The zygote landing page has the example

@adjoint add(a, b) = add(a, b), Δ -> (Δ, Δ)

Can someone explain what the Δ -> (Δ, Δ) means? I would have expected the derivatives to be 1,1.

The @adjoint macro is used to define your own backward pass. That is, given the derivative of any L with respect to add(a, b), the @adjoint above defines how to calculate the derivatives of L with respect to a and b.
If you use Zygote’s gradient to take the gradient of add(1, 2), you would get (1, 1) as you pointed out. Zygote simply uses the backward pass you define and plug 1 for Δ.

1 Like

I do not understand this yet.

  1. How does it know to plugin in 1 for Δ, rather than some other value?

  2. If it already knows the derivative is 1, there is no need to define it using @adjoint!

This is just to explain what I don’t understand - I know that I do not (understand).
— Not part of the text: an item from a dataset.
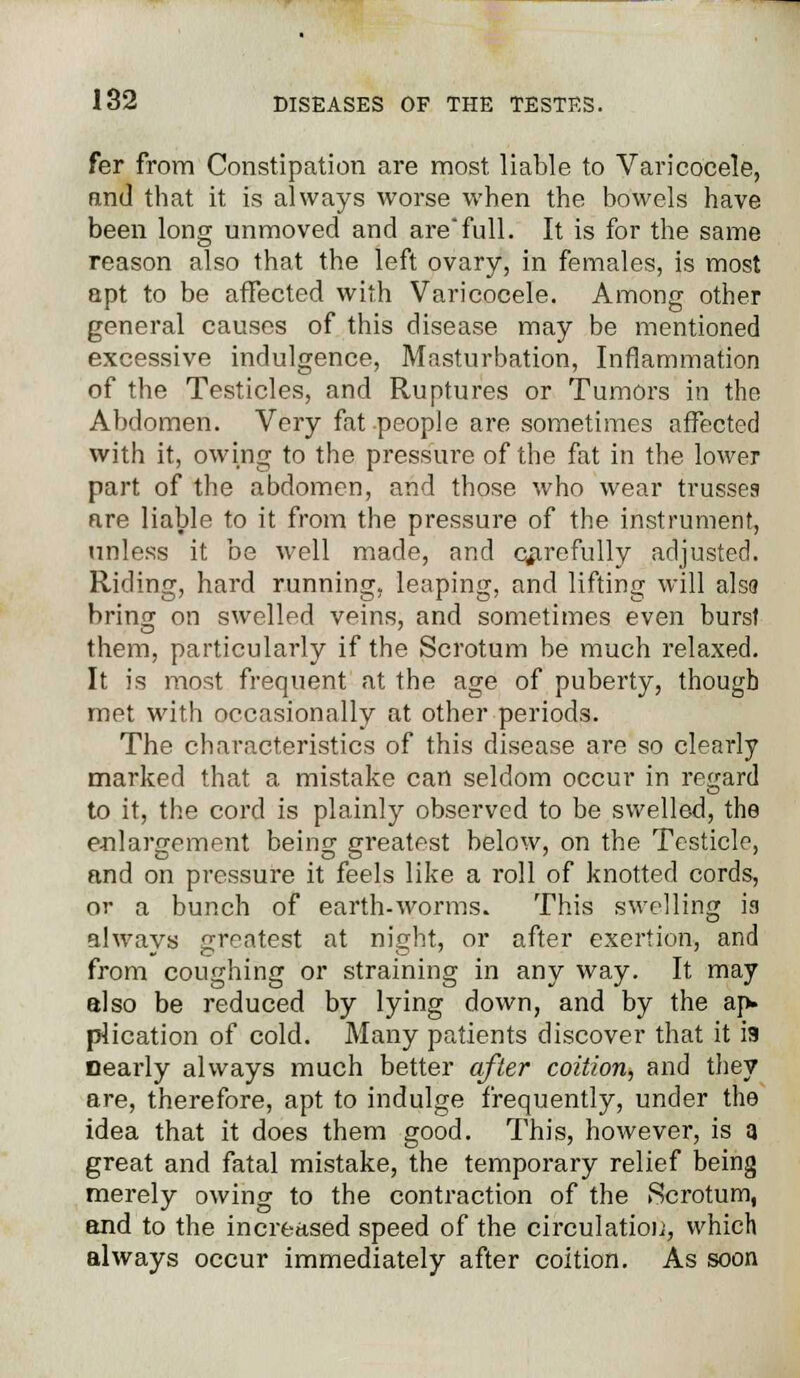 fer from Constipation are most liable to Varicocele, and that it is always worse when the bowels have been long unmoved and arefull. It is for the same reason also that the left ovary, in females, is most apt to be affected with Varicocele. Among other general causes of this disease may be mentioned excessive indulgence, Masturbation, Inflammation of the Testicles, and Ruptures or Tumors in the Abdomen. Very fat people are sometimes affected with it, owing to the pressure of the fat in the lower part of the abdomen, and those who wear trusses are liable to it from the pressure of the instrument, unless it be well made, and qarefully adjusted. Riding, hard running, leaping, and lifting will alsa bring on swelled veins, and sometimes even burst them, particularly if the Scrotum be much relaxed. It is most frequent at the age of puberty, though met with occasionally at other periods. The characteristics of this disease are so clearly marked that a mistake can seldom occur in regard to it, the cord is plainly observed to be swelled, the enlargement being greatest below, on the Testicle, and on pressure it feels like a roll of knotted cords, or a bunch of earth-worms. This swelling is always greatest at night, or after exertion, and from coughing or straining in any way. It may also be reduced by lying down, and by the ap- plication of cold. Many patients discover that it is nearly always much better after coition, and they are, therefore, apt to indulge frequently, under the idea that it does them good. This, however, is a great and fatal mistake, the temporary relief being merely owing to the contraction of the Scrotum, and to the increased speed of the circulation, which always occur immediately after coition. As soon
  1. Δ -> (Δ, Δ) is essentially defining \frac{\partial L}{\partial \text{add(a, b)}} \rightarrow \left( \frac{\partial L}{\partial \text{a}}, \frac{\partial L}{\partial \text{b}} \right). If we want to calculate the gradient of add(a, b) wrt to a and b, then L would be add(a, b) and Δ is therefore 1. Generally speaking, gradient is just syntatic sugar that will lower down to the adjoint and plug 1 in.
  2. Defining the adjoint is the reason how Zygote knows the derivative! Substituting Δ with 1 gives you the derivatives (1, 1).
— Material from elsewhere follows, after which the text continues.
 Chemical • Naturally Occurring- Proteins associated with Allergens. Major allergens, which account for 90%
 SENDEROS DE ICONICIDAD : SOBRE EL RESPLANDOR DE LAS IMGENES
This example is rather trivial, but customizing the adjoint offers incredible flexibility. You can make Zygote work with your own data type, or use mathematical knowledge to aid automatic differentiation.
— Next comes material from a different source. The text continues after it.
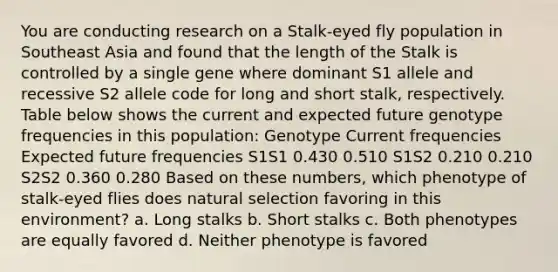 You are conducting research on a Stalk-eyed fly population in Southeast Asia and found that the length of the Stalk is controlled by a single gene where dominant S1 allele and recessive S2 allele code for long and short stalk, respectively. Table below shows the current and expected future genotype frequencies in this population: Genotype Current frequencies Expected future frequencies S1S1 0.430 0.510 S1S2 0.210 0.210 S2S2 0.360 0.280 Based on these numbers, which phenotype of stalk-eyed flies does natural selection favoring in this environment? a. Long stalks b. Short stalks c. Both phenotypes are equally favored d. Neither phenotype is favored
@lhnguyen-vn’s answer is correct but let me expand on the last answer a little bit. When you define a custom adjoint, the idea is that you should then be able to plug that custom adjoint into a larger computation. Let’s say for example that we have f(a,b) = add(a,b) and we want to take the gradient of
g(f(a,b)), where g is an R->R function. The gradient of g is (dg/df * df/da, dg/df * df/db). When you define the adjoint function for add(a,b), what it needs to compute is (dg/df * df/da, dg/df * df/db), given dg/df as input. So in your example, Δ → (Δ,Δ) is equivalent to Δ → (Δ * 1, Δ * 1). where the 1s are df/da and df/db. In the case that you’re just computing the gradient of f, then you just pass Δ=1, because df/df=1. However, if you’re computing the gradient of g, then you need to pass dg/df into your adjoint function for f.

Apologies for not prettying up my equations by the way.